> TASK STATEMENT: Each line from the one with "adidas Samba OG" through the last line below must be written out exactly. Do not copy pictures.

SOURCE DATA START

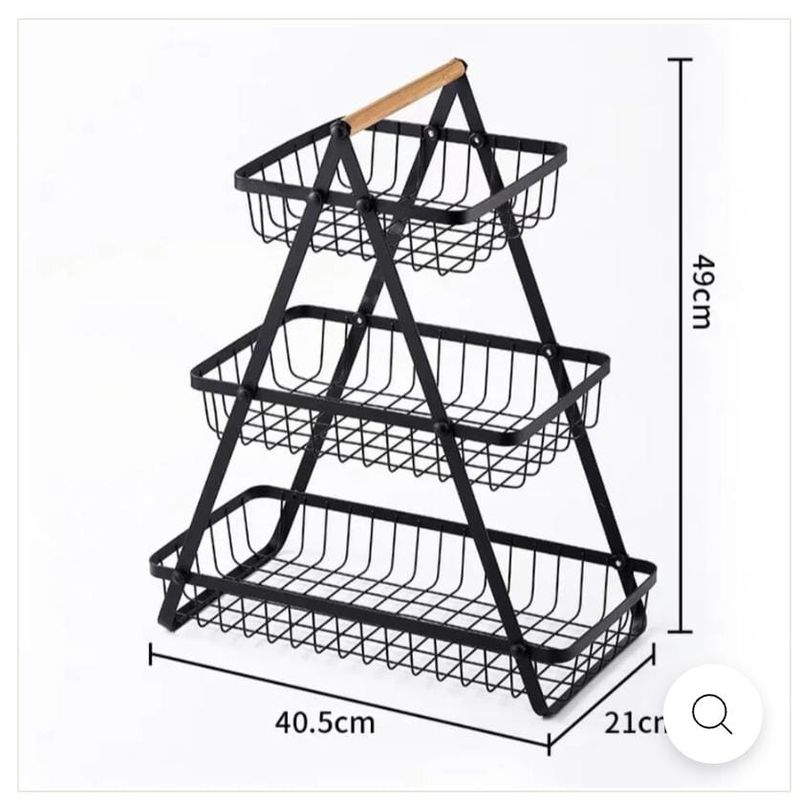 GENERICO - ORAGANIZADOR DE 3 NIVELES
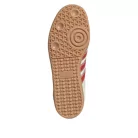 adidas Samba OG Pony Hair Wonder Beige Better Scarlet (Women's) alacsony szárú sneaker – termékfotó, oldalnézet
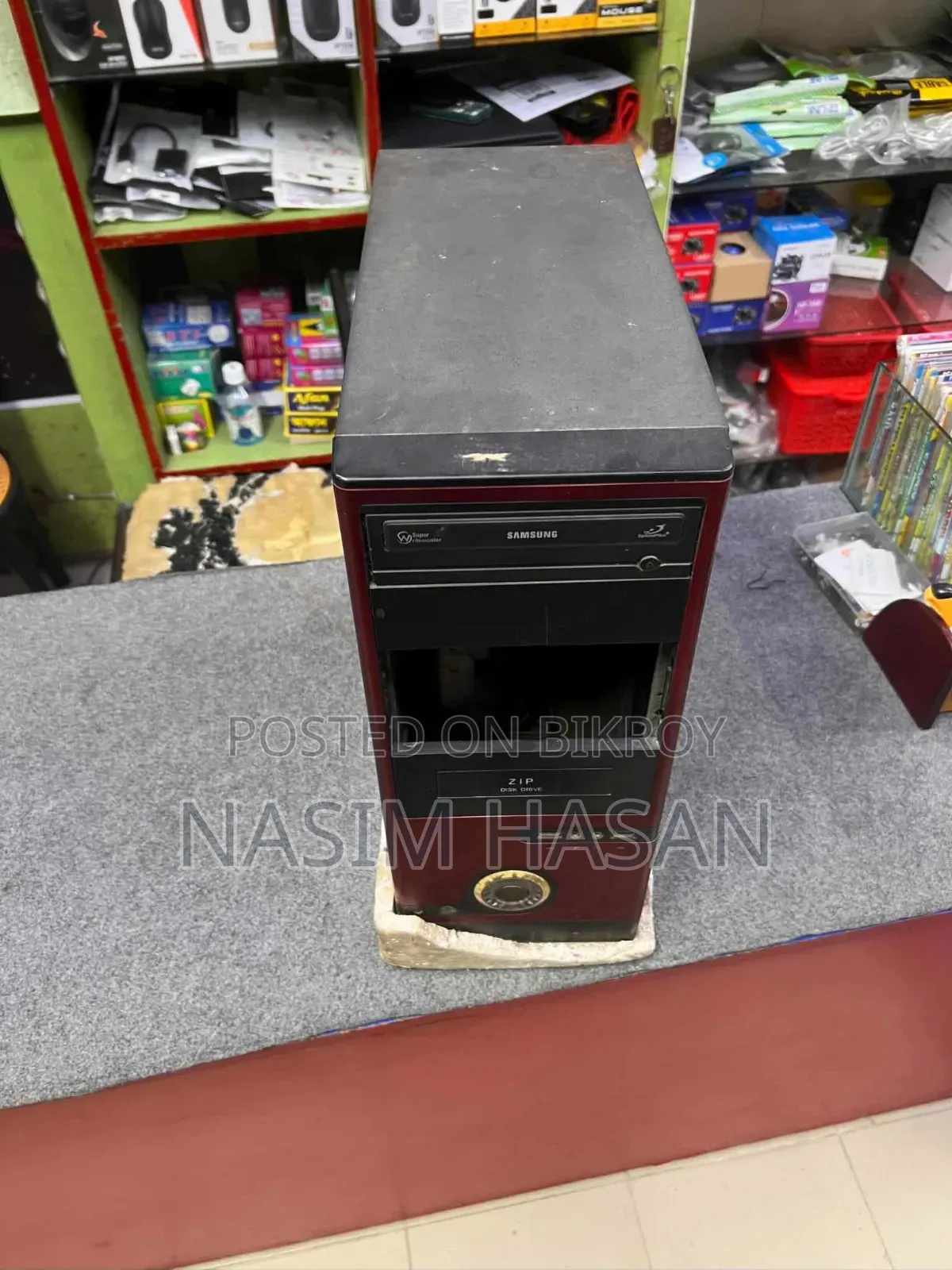 Desktop Computer Microsoft 3GB Intel Core I7 SSD 128GB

SOURCE DATA END

> ANSWER BELOW:
 adidas Samba OG Pony Hair Wonder Beige Better Scarlet (Women's) alacsony szárú sneaker – termékfotó, oldalnézet
 Desktop Computer Microsoft 3GB Intel Core I7 SSD 128GB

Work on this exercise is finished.